Johannesburg - The appointment of Nhlanhla Nene as the new minister of finance in President Jacob Zuma’s government was positively received by economists, although there were concerns that it was moving away from continuity.
Goolam Ballim, the chief economist of Standard Bank, described the situation as delicate and that there was a need for fiscal probity, especially at a time when South Africa was under a notable ratings watch and prospects for revenue growth appeared mediocre.
But he was quick to point out that there would be limited negative impact from a markets point of view because they had been accustomed to movements within Zuma’s previous cabinet, which had regularly made changes over the years.

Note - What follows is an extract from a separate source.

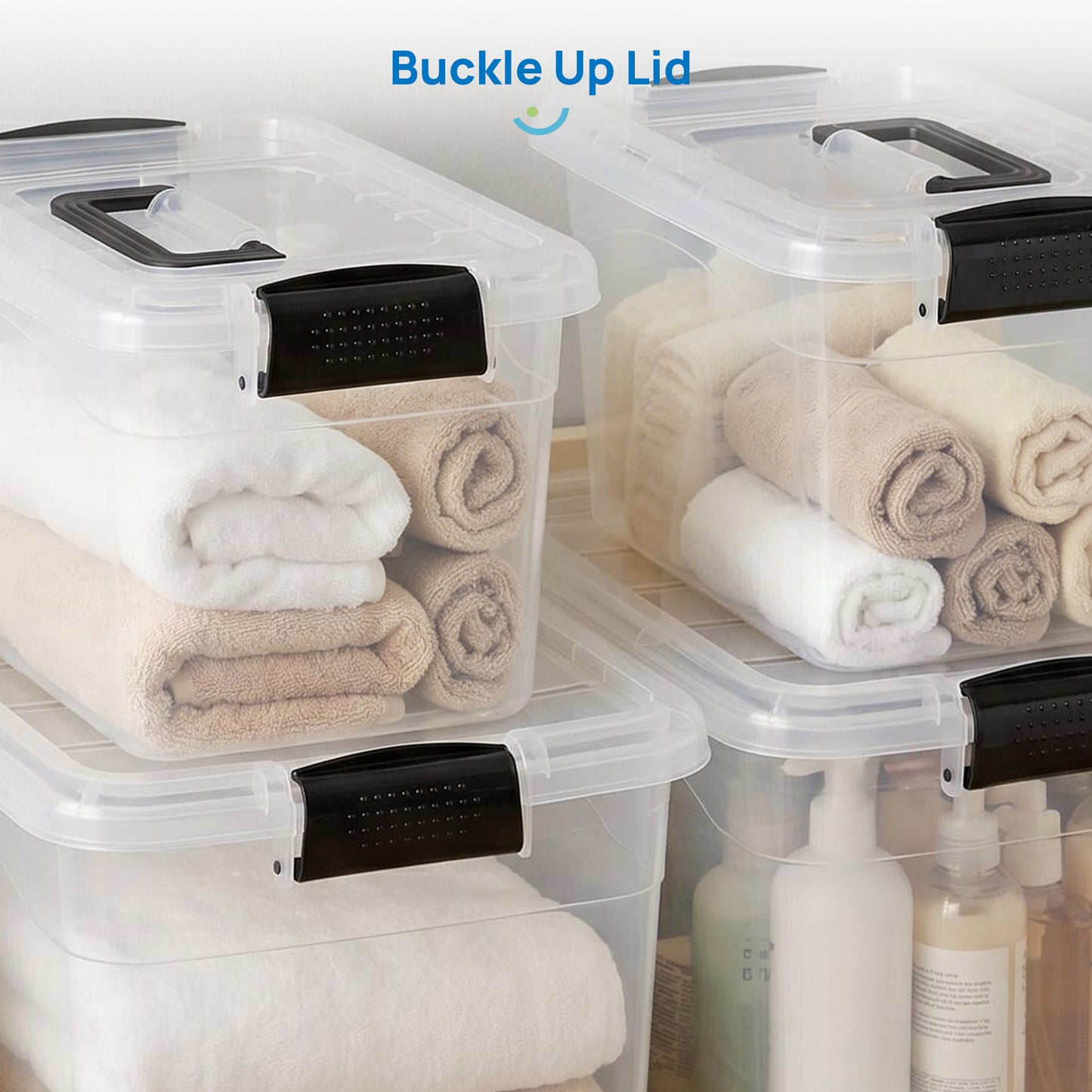 Sindcom 4-Pack Clear Storage Bins Set with Lids Stackable Plastic, Large (18QT2PACK) and Small ( 6QT2PACK)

“When one looks at the overall allocation of the portfolios, there seems to be a workmanship approach from individuals leading key ministries as these are held by senior individuals.
“One can judge the appointment of Malusi Gigaba to the Department of Home Affairs as further expansion of his breadth of experience and is likely to rise to a more prominent position in time.”

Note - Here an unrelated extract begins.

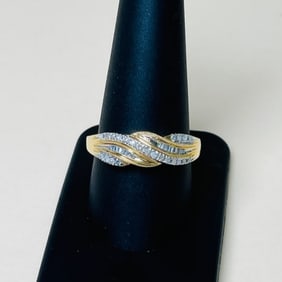 10k Yellow Gold Band And Wave Diamonds Design Size 10.25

Ballim also explained that the emphasis on small business through the establishment of the Small Business Development Ministry was a profound signal of relative importance to the small business environment which had the potential to fuel job creation.
Crafting the ministerial portfolio should deepen small business in the economy, which would improve the micro-economic landscape, Ballim said.
Lumkile Mondi, the chief economist of the Industrial Development Corporation, said he was excited at Nene’s appointment but was disappointed at Siyabonga Cwele’s engagement as the new minister of telecommunications and postal services.
“This is great news. For the first time in 20 years we are seeing a person of African origin holding such a position. We have never had a person of African origin who understands the challenges of black Africans in South Africa. Key economic cluster portfolios have always been held by minorities who do not understand the challenges of blacks who are marginalised in business.”
Mondi added that Nene was competent and known in global financial circles.
Expressing his disappointment at Cwele’s appointment, he said telecoms was a new sector within the South African economy which would be key to driving growth, innovation and entrepreneurship.
“The sector needs someone who understands the industry and brings the digital economy to life. Cwele is not the right man for the job. The digital economy is sophisticated and Cwele falls short.”